Dalam orasinya, massa secara tegas menolak pemberlakukan ACFTA. Perjanjian perdagangan itu dinilai hanya akan menghancurkan industri dalam negeri. Sebab, produk China yang relatif lebih rendah akan merusak pasaran produk dalam negeri. Hal itu berbuntut pada kehancuran pabrik atau industri dalam negeri dan itu akan berujung pada pemutusan hubungan kerja (PHK) buruh.
Selain buruh, para petani jawa barat yang tergabung dalam Dewan Tani Indonesia dan Front Rakyat Oposisi mengadakan aksi demonstrasi menolak ACFTA (ASEAN China Free Trade Agreement ) dengan berjalan kaki mundur dari Monumen Perjuangan Rakyat Jawa Barat menuju Gedung Sate Bandung. Selain menolak menolak ACFTA, mereka juga mengecam pemerintahan SBY-Boediono sebagai pemerintahan neoliberal, serta mengecam lambatnya penanganan kasus Bank Century
Di Jawa Timur, lebih dari 300 buruh dari Surabaya, Gresik, Sidoarjo, Pasuruan, Mojokerto, dan Jombang yang tergabung dalam Serikat Serikat Pekerja Nasional (SPN) itu berunjuk rasa di depan gedung DPRD Jatim di Jalan Indrapura, Surabaya.
Menurut Sudarmaji, selaku koordinator aksi, ACFTA menjadi ancaman serius bagi para buruh karena dikhawatirkan produk-produk dalam negeri nantinya kalah bersaing dengan produk-produk China yang semakin membanjiri pasar domestic, sehingga pada akhirnya akan terjadi PHK massal terhadap kaum buruh.

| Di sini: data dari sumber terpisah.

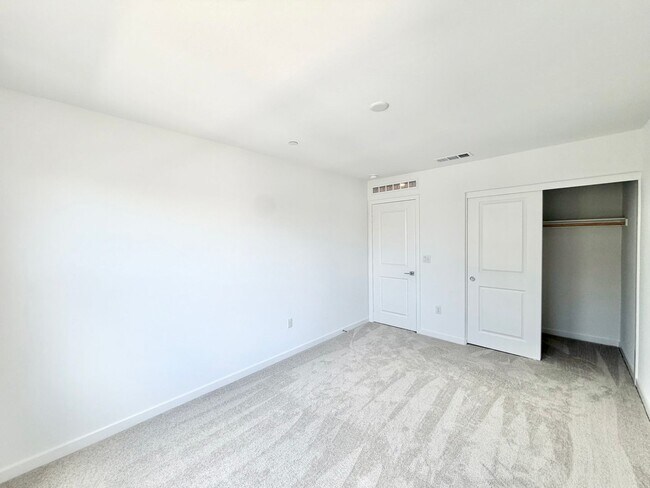 Building Photo - 31404 Lolite Dr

Sementara itu, Asisten III Sekdaprov Jatim Hary Soegiri mengatakan pada perwakilan buruh, bahwa ACFTA yang implementasinya dimulai tahun ini merupakan keuntungan bagi sektor usaha.
Tangerang-Banten, sedikitnya 200 buruh dari berbagai serikat buruh melakukan aksi di DPRD Kabupaten Tangerang untuk menuntut DPRD Kabupaten Tangerang membuat rekomendasi ke Presiden terkait penolakan kerjasama perdagangan Asean-Cina Free Trade Area (ACFTA).
Para buruh membawa spanduk yang berisi penolakan ACFTA, selain spanduk yang bertuliskan "Kabinet SBY Pro Neolib/Kapitalis".